> _Exercise directions_: Below are records with pictures. Reproduce exactly the lines from the line with "701 Bauer Lane 7" to the line with "Продам кухонный шкаф-буфет", inclusive, and leave each picture out.

> _Records provided_:
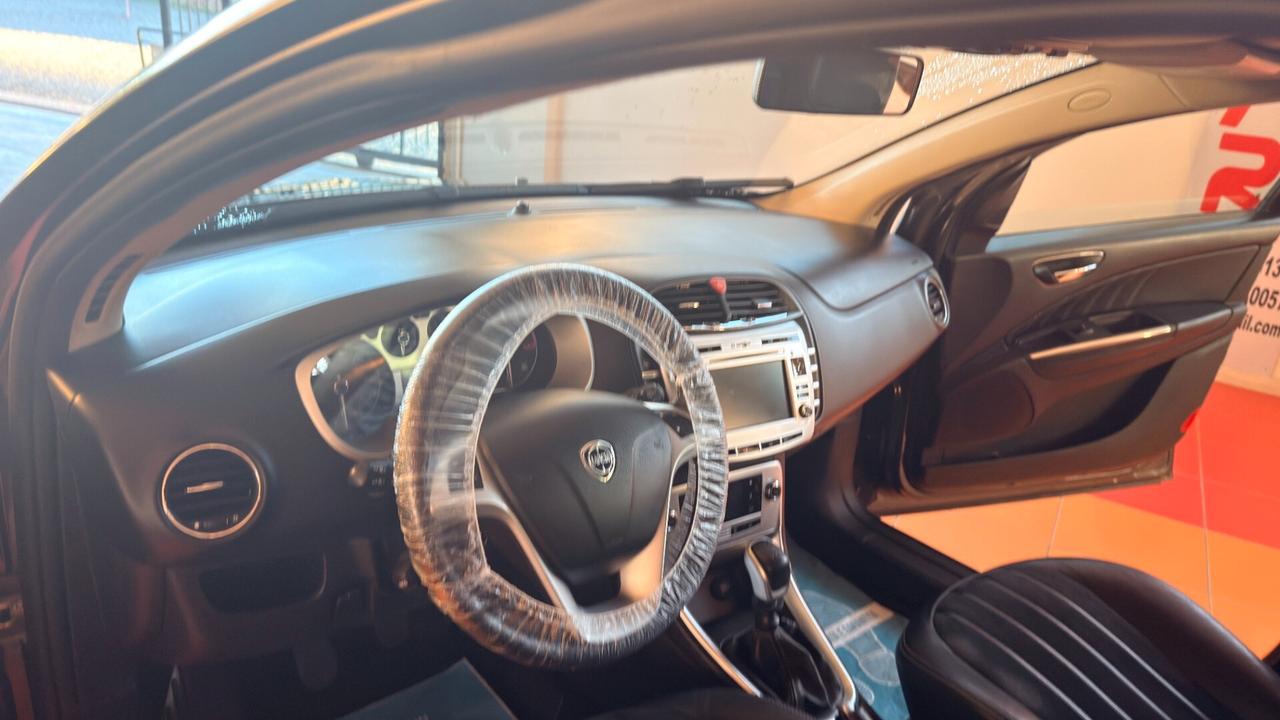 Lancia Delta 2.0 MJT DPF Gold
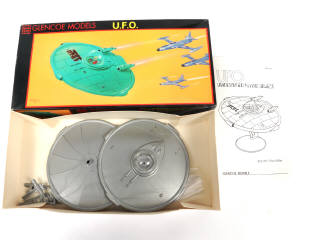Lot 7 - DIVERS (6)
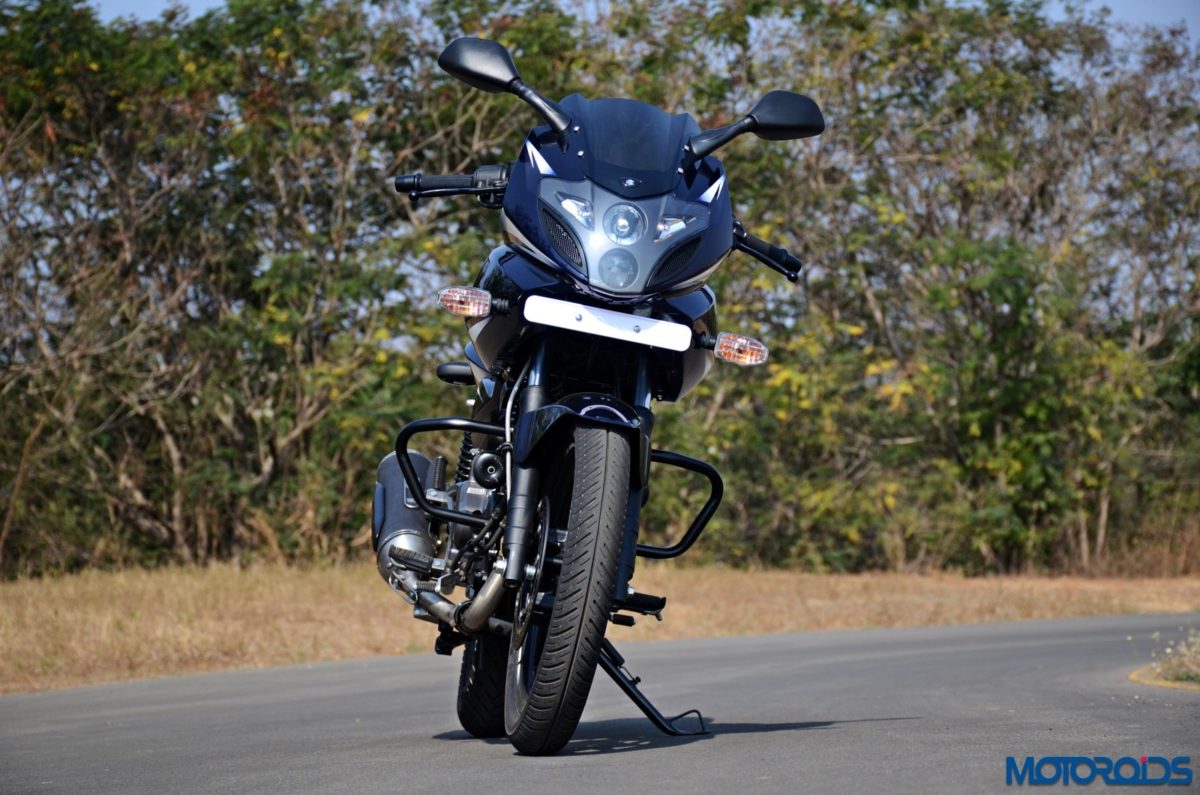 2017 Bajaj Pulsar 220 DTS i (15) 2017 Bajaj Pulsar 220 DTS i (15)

* * *

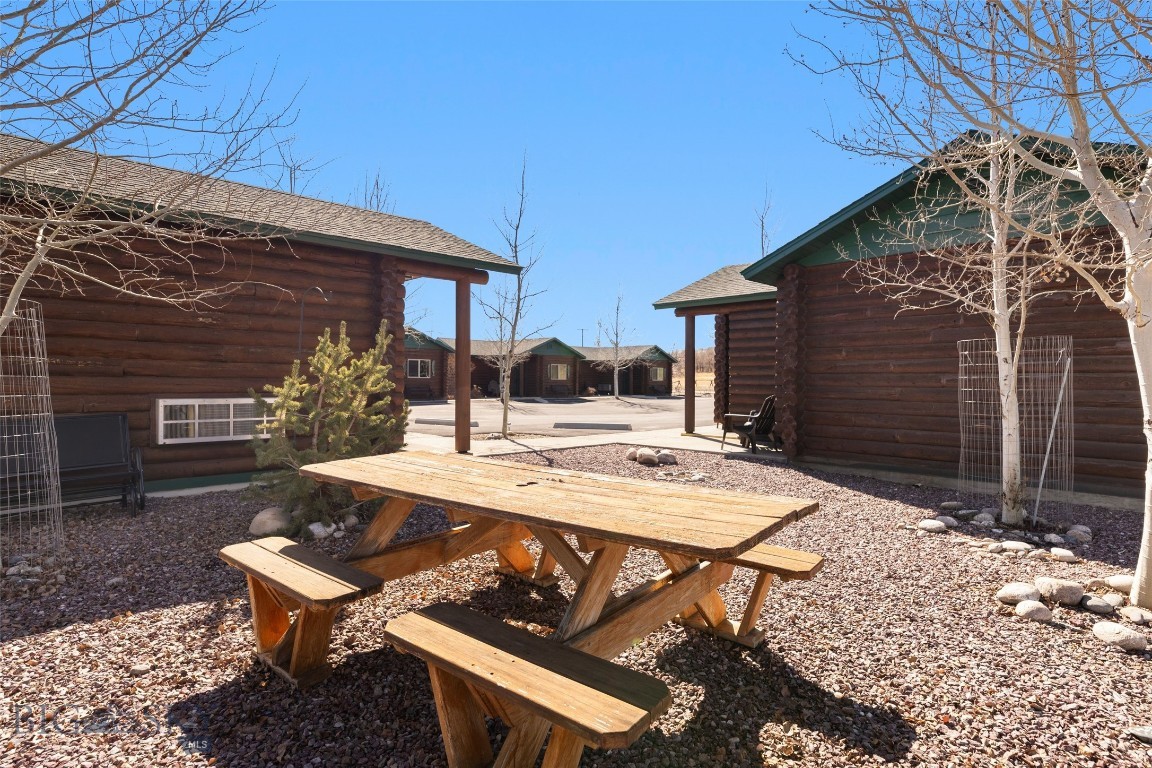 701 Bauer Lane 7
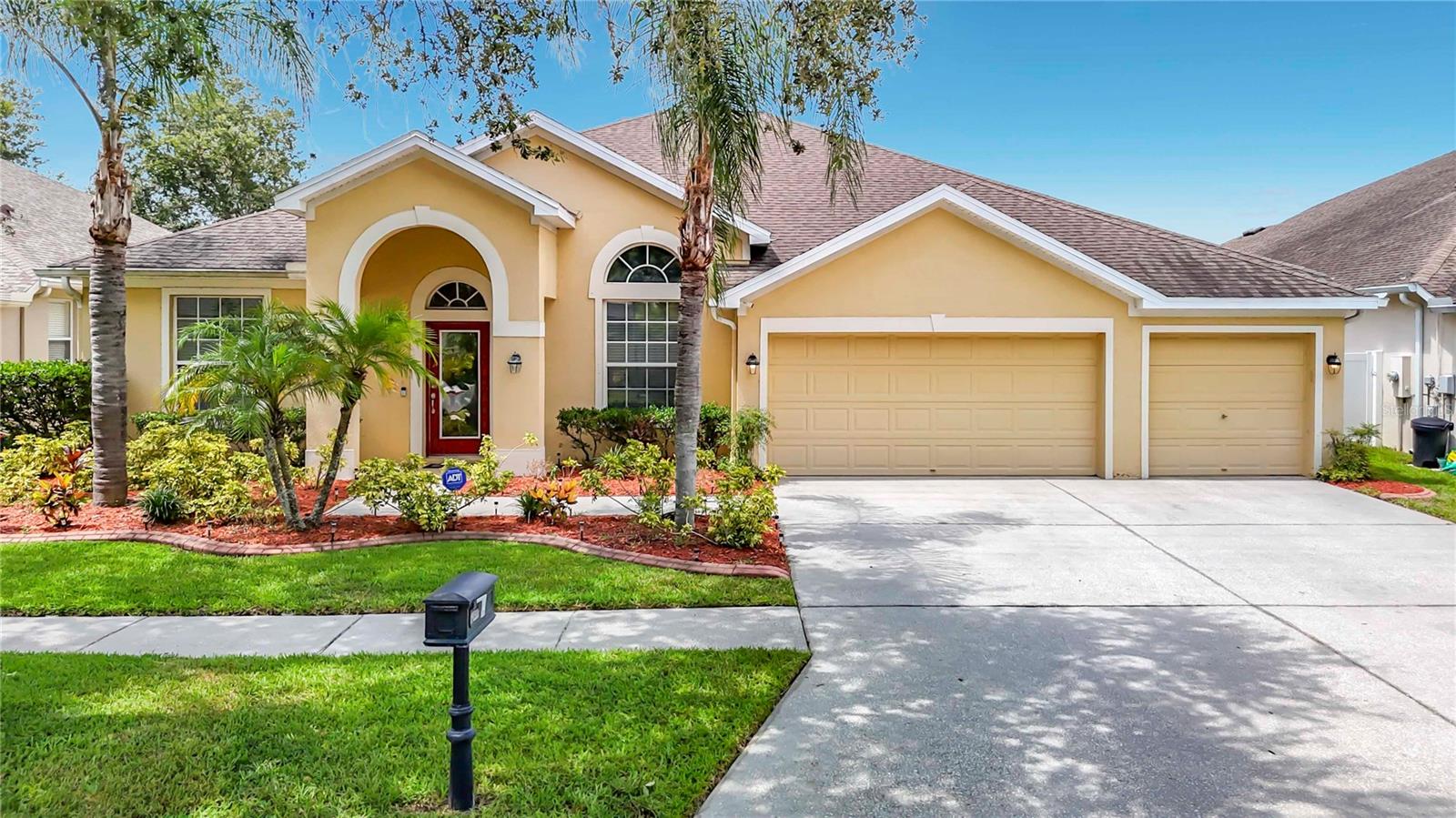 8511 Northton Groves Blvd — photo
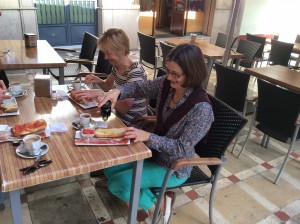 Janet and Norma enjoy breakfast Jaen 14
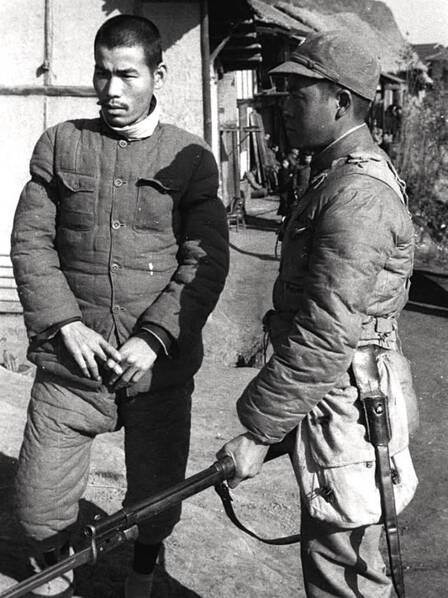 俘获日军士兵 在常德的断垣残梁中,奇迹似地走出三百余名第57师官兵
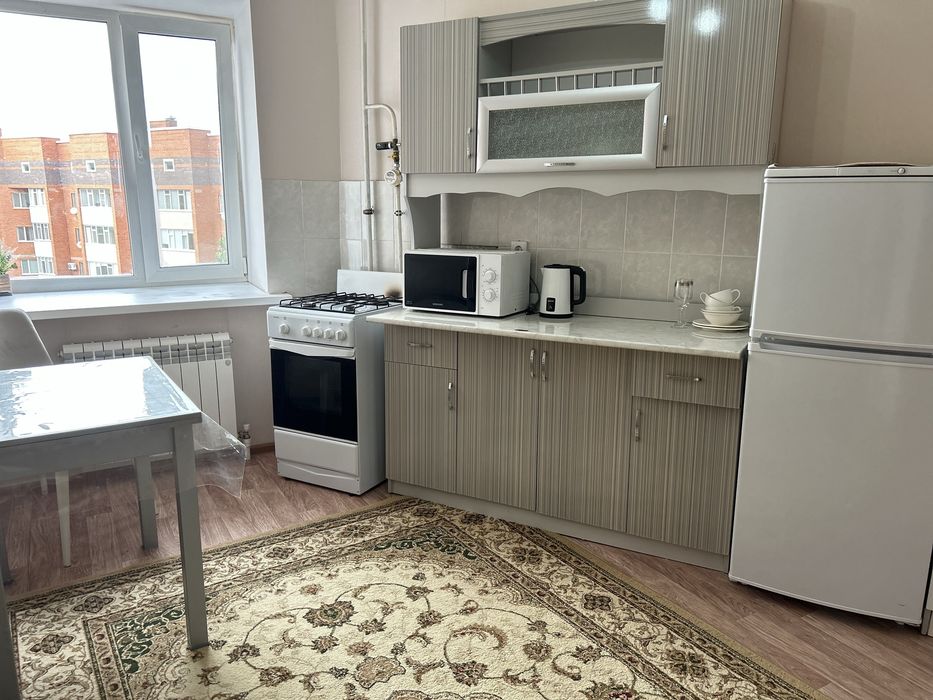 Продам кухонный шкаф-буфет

> _Completed task_:
 701 Bauer Lane 7
 8511 Northton Groves Blvd — photo
 Janet and Norma enjoy breakfast Jaen 14
 俘获日军士兵 在常德的断垣残梁中,奇迹似地走出三百余名第57师官兵
 Продам кухонный шкаф-буфет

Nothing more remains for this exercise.